You should check out the Mars Draft 925-05 if you want an affordable stand-alone unit to determine current speed and direction. The 925-05 can interface any GPS with your magnetic compass and your existing knotmeter to provide current vectors for the prevailing conditions. It has a fixed sleeve, a precision clutch and an adjustable window, and can be stored below when not in use. I'm not sure about how much wiring or networking is involved but they claim it will work with 4 different line widths. Its made in Germany by Staedtler.

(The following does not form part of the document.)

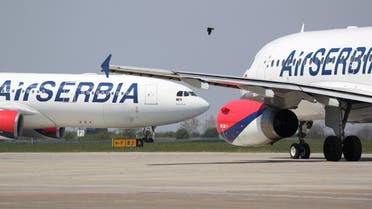 Air Serbia planes that are set to take medical supplies from the Nikola Tesla Airport to Italy to help the fight against the coronavirus disease (COVID-19), Belgrade, Serbia, April 25, 2020. (Reuters/Marko Djurica)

Here's a link to the manufacturer's site:
925-05 Mars Draft Instrumentation Interface Unit - STAEDTLER


----------



## Classic30 (Aug 29, 2007)

TillerJohn said:


> You should check out the Mars Draft 925-05 if you want an affordable stand-alone unit to determine current speed and direction. The 925-05 can interface any GPS with your magnetic compass and your existing knotmeter to provide current vectors for the prevailing conditions. It has a fixed sleeve, a precision clutch and an adjustable window, and can be stored below when not in use. I'm not sure about how much wiring or networking is involved but they claim it will work with 4 different line widths. Its made in Germany by Staedtler.
> 
> Here's a link to the manufacturer's site:
> 925-05 Mars Draft Instrumentation Interface Unit - STAEDTLER


Neat! Operator error could be a problem though..  

If you have a GPS and a knotmeter determining current speed and direction is easy: In little or no wind, simply alter your heading and boat speed (whilst motoring to be practical) until the GPS shows "0 knots" - stationary. At that moment: Current speed = the reading on the knotmeter; current direction is opposite to your compass bearing.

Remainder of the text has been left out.